No. Of course, I had no objection.

Then time began to leap ahead. Next, I knew I was standing with my best man, my brother, and the minister of our church in front of people sitting on folding chairs in the middle of a field, with the sound of soft music playing in the background. My mother somehow managed to have her way with our minister, too, except that my fiancée had demanded that he was not to give any sermons or lead us in any prayers. He'd reluctantly agreed. He could pray silently, and that should be blessing enough.

My fiancée's old high school friend appeared from behind the seats in the rear - the one my fiancée claimed was why we'd met. She was followed shortly by my fiancée's ex-roommate - who'd once tied a ribbon to the doorknob of their dorm room, so she could have sex with random guys that she'd just met, leaving my fiancée to figure out where else she could spend the night. Then the volume increased dramatically as the music my fiancée had chosen for her processional began to play, and she began to walk toward me on the arm of a man I'd never met.

Time took another leap, and there she stood beside me, both of us smiling nervously. We'd discussed whether I would be upset if she wore heels since she would have appeared considerably taller than me, but this became moot when she realized that she couldn't wear heels and walk across the grass and soft ground of the meadow without breaking an ankle. So, we were nearly eye to eye, and she was more stunning than ever.

Wow!

Then time raced. I heard the minister's words. I heard questions. I heard her reply. I said, "I do." Then I could kiss the bride. Before that moment, I felt that I was just there, floating above it all. But, at the meeting of our lips, I felt a warmth fill me, and time ceased as if we were alone in the world. Then I heard someone yell for us to get a room.

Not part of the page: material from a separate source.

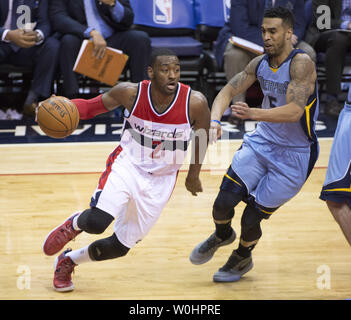 Washington Wizards guard John Wall (2) carries the ball against Memphis Grizzlies guard Courtney Lee (5) during the second quarter at the Verizon Center in Washington, D.C. on March 12, 2015. Photo by Kevin Dietsch/UPI Stock Photo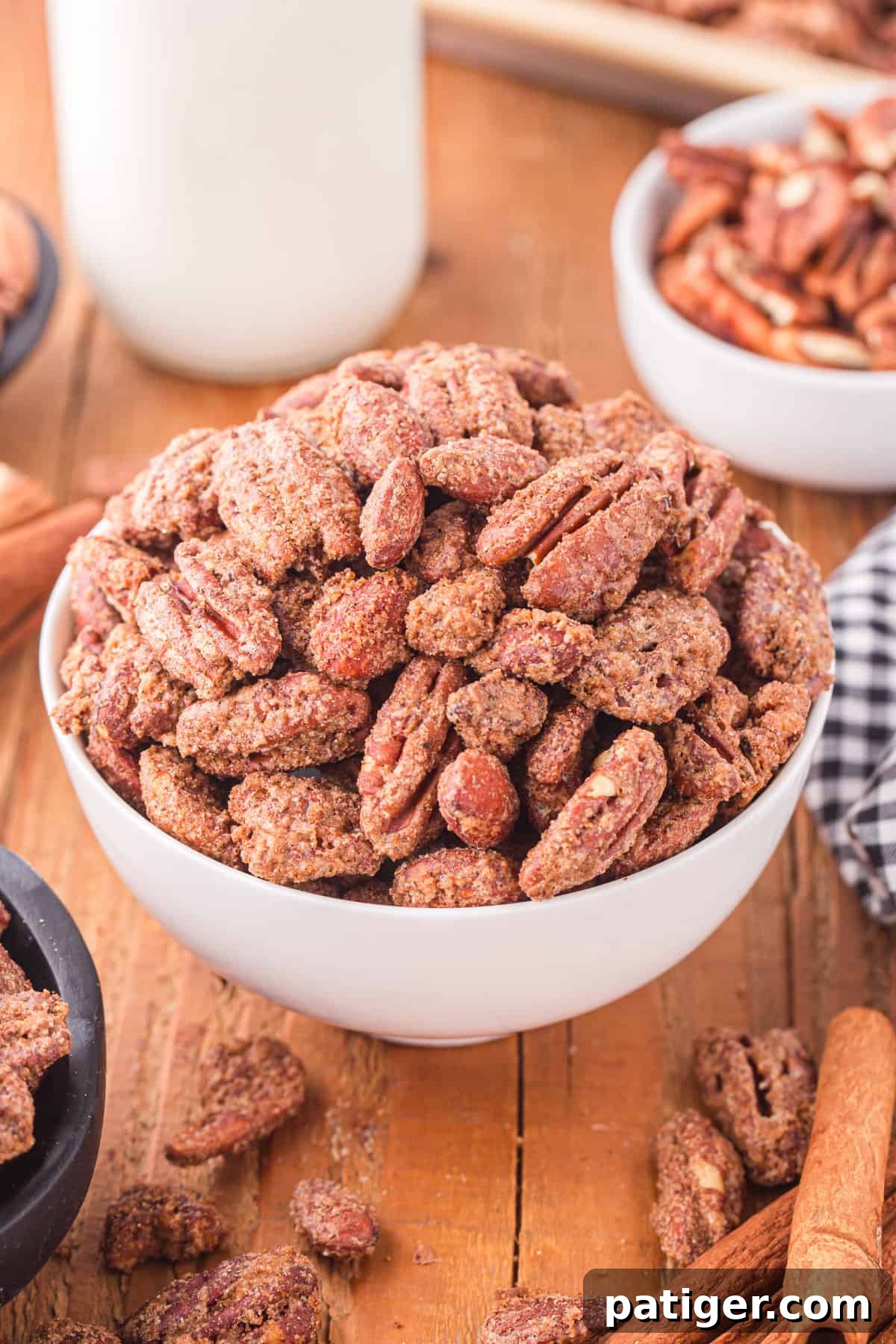Candied pecans and almonds in a white bowl, glistening with sugar.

I don't think it felt entirely real for either of us, but we were married. My fiancée was now my wife. Then time leaped again, and we'd barely had time to talk to any of the guests at our wedding reception before they were rushing us out the door.

It was as if we were kicked out of our own party, which both of us were nervous about leaving now that we faced no more rules or restrictions and no reason to continue deluding ourselves that we weren't having sex. Even after months of struggling not to give in to our urges, feeling that it couldn't possibly be soon enough, now that it would be soon enough, I, at least, was already feeling anxious, afraid, and guilty about something we hadn't yet done. Supposedly now, with my mother's blessing.

Then, catching the evil twinkle in my sister's eye and seeing her nasty grin, I could practically hear the silent, mocking chant resonate through her skull as we were herded past her and out the door.